**GOAL OF THE EXERCISE**
Nothing should be left out. Give all the data again exactly as written.
#### LISTED ENTRIES
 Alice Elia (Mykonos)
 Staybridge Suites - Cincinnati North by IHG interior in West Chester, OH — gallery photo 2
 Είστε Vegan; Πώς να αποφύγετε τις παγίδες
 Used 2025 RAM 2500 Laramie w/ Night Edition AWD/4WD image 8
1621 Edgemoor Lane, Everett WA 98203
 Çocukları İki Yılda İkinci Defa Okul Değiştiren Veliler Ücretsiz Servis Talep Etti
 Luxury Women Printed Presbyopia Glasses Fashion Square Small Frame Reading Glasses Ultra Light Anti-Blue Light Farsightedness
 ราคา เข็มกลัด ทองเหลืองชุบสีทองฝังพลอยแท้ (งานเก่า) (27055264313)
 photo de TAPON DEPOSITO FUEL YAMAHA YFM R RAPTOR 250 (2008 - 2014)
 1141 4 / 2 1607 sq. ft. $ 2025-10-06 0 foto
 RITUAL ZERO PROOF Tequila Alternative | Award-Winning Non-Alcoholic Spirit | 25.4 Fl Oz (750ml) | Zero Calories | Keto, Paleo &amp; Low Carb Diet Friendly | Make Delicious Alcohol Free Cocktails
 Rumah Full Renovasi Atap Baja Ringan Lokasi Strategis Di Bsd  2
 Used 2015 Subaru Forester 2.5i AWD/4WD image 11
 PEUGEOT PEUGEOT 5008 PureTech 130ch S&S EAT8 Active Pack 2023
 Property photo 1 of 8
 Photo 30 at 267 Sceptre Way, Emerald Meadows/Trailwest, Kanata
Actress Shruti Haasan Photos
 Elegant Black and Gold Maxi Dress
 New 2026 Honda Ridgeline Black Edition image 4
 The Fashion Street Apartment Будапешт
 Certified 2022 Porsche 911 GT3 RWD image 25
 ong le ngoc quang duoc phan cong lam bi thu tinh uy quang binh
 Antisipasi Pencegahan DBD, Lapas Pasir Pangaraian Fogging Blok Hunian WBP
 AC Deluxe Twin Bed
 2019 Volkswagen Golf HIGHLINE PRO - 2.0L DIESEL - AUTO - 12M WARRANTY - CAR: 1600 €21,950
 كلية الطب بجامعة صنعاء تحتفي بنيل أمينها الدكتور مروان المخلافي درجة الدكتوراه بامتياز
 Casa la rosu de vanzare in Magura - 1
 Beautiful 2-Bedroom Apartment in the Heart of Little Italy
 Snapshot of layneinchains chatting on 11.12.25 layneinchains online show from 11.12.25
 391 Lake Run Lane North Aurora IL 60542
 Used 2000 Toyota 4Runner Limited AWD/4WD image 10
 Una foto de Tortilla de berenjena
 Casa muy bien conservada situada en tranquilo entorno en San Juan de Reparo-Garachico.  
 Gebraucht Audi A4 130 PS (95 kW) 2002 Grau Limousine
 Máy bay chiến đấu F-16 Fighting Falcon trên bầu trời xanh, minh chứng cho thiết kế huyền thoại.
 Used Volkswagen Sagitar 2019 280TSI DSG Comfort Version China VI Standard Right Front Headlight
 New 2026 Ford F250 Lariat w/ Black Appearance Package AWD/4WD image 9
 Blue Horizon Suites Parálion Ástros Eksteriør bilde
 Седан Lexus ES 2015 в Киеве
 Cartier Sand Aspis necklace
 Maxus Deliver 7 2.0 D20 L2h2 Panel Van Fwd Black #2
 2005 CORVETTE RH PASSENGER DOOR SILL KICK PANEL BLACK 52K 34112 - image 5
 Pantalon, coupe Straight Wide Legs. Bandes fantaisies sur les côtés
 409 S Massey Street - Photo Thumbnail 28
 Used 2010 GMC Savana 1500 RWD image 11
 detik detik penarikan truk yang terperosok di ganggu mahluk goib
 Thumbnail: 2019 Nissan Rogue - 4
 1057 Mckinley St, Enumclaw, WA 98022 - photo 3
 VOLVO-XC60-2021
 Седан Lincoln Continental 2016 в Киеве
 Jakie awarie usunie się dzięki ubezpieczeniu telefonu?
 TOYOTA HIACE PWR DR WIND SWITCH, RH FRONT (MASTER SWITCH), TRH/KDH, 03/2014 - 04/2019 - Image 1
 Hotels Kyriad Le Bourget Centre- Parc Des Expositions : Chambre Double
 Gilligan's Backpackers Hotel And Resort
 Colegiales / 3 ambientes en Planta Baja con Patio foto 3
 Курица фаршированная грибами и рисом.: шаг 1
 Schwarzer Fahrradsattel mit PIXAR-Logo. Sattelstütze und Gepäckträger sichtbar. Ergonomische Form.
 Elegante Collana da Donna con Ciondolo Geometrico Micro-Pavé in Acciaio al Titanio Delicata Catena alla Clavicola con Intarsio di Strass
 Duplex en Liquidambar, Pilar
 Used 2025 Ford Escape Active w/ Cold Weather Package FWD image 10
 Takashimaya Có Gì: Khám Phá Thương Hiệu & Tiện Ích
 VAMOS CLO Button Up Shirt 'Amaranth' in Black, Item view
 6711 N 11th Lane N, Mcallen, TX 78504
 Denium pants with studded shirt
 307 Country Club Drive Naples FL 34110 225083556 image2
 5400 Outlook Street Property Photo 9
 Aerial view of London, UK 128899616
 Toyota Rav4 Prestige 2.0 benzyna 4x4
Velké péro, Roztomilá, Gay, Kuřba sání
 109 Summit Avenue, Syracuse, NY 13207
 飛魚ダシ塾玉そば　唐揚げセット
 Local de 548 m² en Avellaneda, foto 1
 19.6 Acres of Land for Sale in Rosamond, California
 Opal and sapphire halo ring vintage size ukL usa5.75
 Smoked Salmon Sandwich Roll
########
**RESPONSE AREA**
 Alice Elia (Mykonos)
 Staybridge Suites - Cincinnati North by IHG interior in West Chester, OH — gallery photo 2
 Είστε Vegan; Πώς να αποφύγετε τις παγίδες
 Used 2025 RAM 2500 Laramie w/ Night Edition AWD/4WD image 8
1621 Edgemoor Lane, Everett WA 98203
 Çocukları İki Yılda İkinci Defa Okul Değiştiren Veliler Ücretsiz Servis Talep Etti
 Luxury Women Printed Presbyopia Glasses Fashion Square Small Frame Reading Glasses Ultra Light Anti-Blue Light Farsightedness
 ราคา เข็มกลัด ทองเหลืองชุบสีทองฝังพลอยแท้ (งานเก่า) (27055264313)
 photo de TAPON DEPOSITO FUEL YAMAHA YFM R RAPTOR 250 (2008 - 2014)
 1141 4 / 2 1607 sq. ft. $ 2025-10-06 0 foto
 RITUAL ZERO PROOF Tequila Alternative | Award-Winning Non-Alcoholic Spirit | 25.4 Fl Oz (750ml) | Zero Calories | Keto, Paleo &amp; Low Carb Diet Friendly | Make Delicious Alcohol Free Cocktails
 Rumah Full Renovasi Atap Baja Ringan Lokasi Strategis Di Bsd  2
 Used 2015 Subaru Forester 2.5i AWD/4WD image 11
 PEUGEOT PEUGEOT 5008 PureTech 130ch S&S EAT8 Active Pack 2023
 Property photo 1 of 8
 Photo 30 at 267 Sceptre Way, Emerald Meadows/Trailwest, Kanata
Actress Shruti Haasan Photos
 Elegant Black and Gold Maxi Dress
 New 2026 Honda Ridgeline Black Edition image 4
 The Fashion Street Apartment Будапешт
 Certified 2022 Porsche 911 GT3 RWD image 25
 ong le ngoc quang duoc phan cong lam bi thu tinh uy quang binh
 Antisipasi Pencegahan DBD, Lapas Pasir Pangaraian Fogging Blok Hunian WBP
 AC Deluxe Twin Bed
 2019 Volkswagen Golf HIGHLINE PRO - 2.0L DIESEL - AUTO - 12M WARRANTY - CAR: 1600 €21,950
 كلية الطب بجامعة صنعاء تحتفي بنيل أمينها الدكتور مروان المخلافي درجة الدكتوراه بامتياز
 Casa la rosu de vanzare in Magura - 1
 Beautiful 2-Bedroom Apartment in the Heart of Little Italy
 Snapshot of layneinchains chatting on 11.12.25 layneinchains online show from 11.12.25
 391 Lake Run Lane North Aurora IL 60542
 Used 2000 Toyota 4Runner Limited AWD/4WD image 10
 Una foto de Tortilla de berenjena
 Casa muy bien conservada situada en tranquilo entorno en San Juan de Reparo-Garachico.  
 Gebraucht Audi A4 130 PS (95 kW) 2002 Grau Limousine
 Máy bay chiến đấu F-16 Fighting Falcon trên bầu trời xanh, minh chứng cho thiết kế huyền thoại.
 Used Volkswagen Sagitar 2019 280TSI DSG Comfort Version China VI Standard Right Front Headlight
 New 2026 Ford F250 Lariat w/ Black Appearance Package AWD/4WD image 9
 Blue Horizon Suites Parálion Ástros Eksteriør bilde
 Седан Lexus ES 2015 в Киеве
 Cartier Sand Aspis necklace
 Maxus Deliver 7 2.0 D20 L2h2 Panel Van Fwd Black #2
 2005 CORVETTE RH PASSENGER DOOR SILL KICK PANEL BLACK 52K 34112 - image 5
 Pantalon, coupe Straight Wide Legs. Bandes fantaisies sur les côtés
 409 S Massey Street - Photo Thumbnail 28
 Used 2010 GMC Savana 1500 RWD image 11
 detik detik penarikan truk yang terperosok di ganggu mahluk goib
 Thumbnail: 2019 Nissan Rogue - 4
 1057 Mckinley St, Enumclaw, WA 98022 - photo 3
 VOLVO-XC60-2021
 Седан Lincoln Continental 2016 в Киеве
 Jakie awarie usunie się dzięki ubezpieczeniu telefonu?
 TOYOTA HIACE PWR DR WIND SWITCH, RH FRONT (MASTER SWITCH), TRH/KDH, 03/2014 - 04/2019 - Image 1
 Hotels Kyriad Le Bourget Centre- Parc Des Expositions : Chambre Double
 Gilligan's Backpackers Hotel And Resort
 Colegiales / 3 ambientes en Planta Baja con Patio foto 3
 Курица фаршированная грибами и рисом.: шаг 1
 Schwarzer Fahrradsattel mit PIXAR-Logo. Sattelstütze und Gepäckträger sichtbar. Ergonomische Form.
 Elegante Collana da Donna con Ciondolo Geometrico Micro-Pavé in Acciaio al Titanio Delicata Catena alla Clavicola con Intarsio di Strass
 Duplex en Liquidambar, Pilar
 Used 2025 Ford Escape Active w/ Cold Weather Package FWD image 10
 Takashimaya Có Gì: Khám Phá Thương Hiệu & Tiện Ích
 VAMOS CLO Button Up Shirt 'Amaranth' in Black, Item view
 6711 N 11th Lane N, Mcallen, TX 78504
 Denium pants with studded shirt
 307 Country Club Drive Naples FL 34110 225083556 image2
 5400 Outlook Street Property Photo 9
 Aerial view of London, UK 128899616
 Toyota Rav4 Prestige 2.0 benzyna 4x4
Velké péro, Roztomilá, Gay, Kuřba sání
 109 Summit Avenue, Syracuse, NY 13207
 飛魚ダシ塾玉そば　唐揚げセット
 Local de 548 m² en Avellaneda, foto 1
 19.6 Acres of Land for Sale in Rosamond, California
 Opal and sapphire halo ring vintage size ukL usa5.75
 Smoked Salmon Sandwich Roll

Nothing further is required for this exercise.